EDA On Haberman Data

  • 1. EDA on Haberman's Survival Data Objective: The objective is to classify whether the patient survive after operation of breast cancer or not. Data Description: Data is collected from https://www.kaggle.com/gowtamsingulur/habermancsv. The data set contains cases from a study that was conducted between 1958 and 1970 at the University of Chicago's Billings Hospital on the survival of patients who had undergone surgery for breast cancer. Importing Libraries In [1]: import numpy as np import pandas as pd import matplotlib.pyplot as plt import seaborn as sns Loading data In [2]: data=pd.read_csv("C:/Users/KIIT/Applied_AI_Practice_Data/Haberman/haberman.csv") data.head() In [3]: data.columns 'age'- Age of patient at the time of operation. 'year'- Year of operation(i.e 1900). 'Nodes'- No. of positive Axillary Lymph Nodes(Lymph Nodes are small, bean-shaped organs that acts as filter, which are present in underarm. If Lymph Nodes have some cancer cells in them, they are called positive.) 'status'- It is the survival status of patient. In [4]: data.count() Out[2]: age year nodes status 0 30 64 1 1 1 30 62 3 1 2 30 65 0 1 3 31 59 2 1 4 31 65 4 1 Out[3]: Index(['age', 'year', 'nodes', 'status'], dtype='object') Out[4]:
  • 2. In [5]: data.isnull().sum() In [6]: data['status'].value_counts() Observations There are 4 columns, out of these 'status' is the output column. In status there are 2 class- 1-> 'survival', 2-> 'Death'. There are total of 306 entity. There is no missing value in the dataset. In [7]: data['status']=data['status'].apply(lambda x: 'survived' if x==1 else 'died') For better understanding let 1-> 'survived' and 2-> 'died' In [8]: s=sns.FacetGrid(data,hue='status',height=6) s=s.map(sns.distplot,'age') s.add_legend() plt.show() Out[4]: age 306 year 306 nodes 306 status 306 dtype: int64 Out[5]: age 0 year 0 nodes 0 status 0 dtype: int64 Out[6]: 1 225 2 81 Name: status, dtype: int64
  • 4. Observation From the 1st plot we can say that there is more chance that the patient having age less than 35 can survived. and patient having age more than 75 have less chance of survival. majority of patient survive have less than 5 postive nodes. But using this plot we can't distinguish 2 classes clearly. In [11]: sns.set_style('whitegrid') sns.pairplot(data,hue='status',height=5) plt.show() Observation By looking the scatter plots we can't distinguish class. In [12]: sns.boxplot(x='status',y='age',data=data) plt.show()

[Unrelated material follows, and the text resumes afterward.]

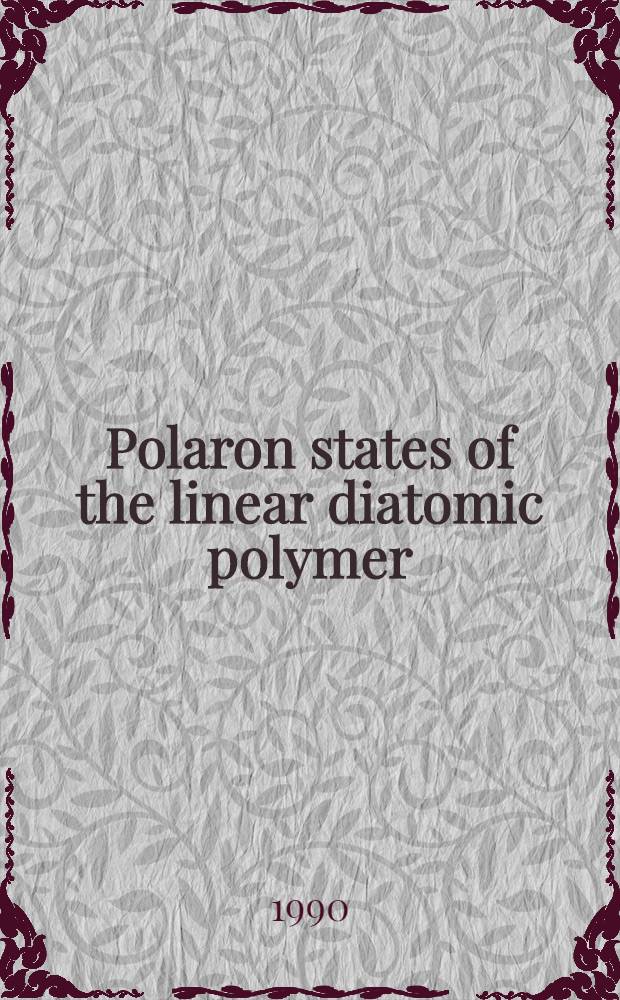 Polaron states of the linear diatomic polymer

  • 5. In [13]: sns.boxplot(x='status',y='year',data=data) plt.show() In [14]: sns.boxplot(x='status',y='nodes',data=data) plt.show() Observation we may conclude the patient having 3-4 or less no. of positive nodes are survived. 75% of survived patient having less than 4 positive nodes.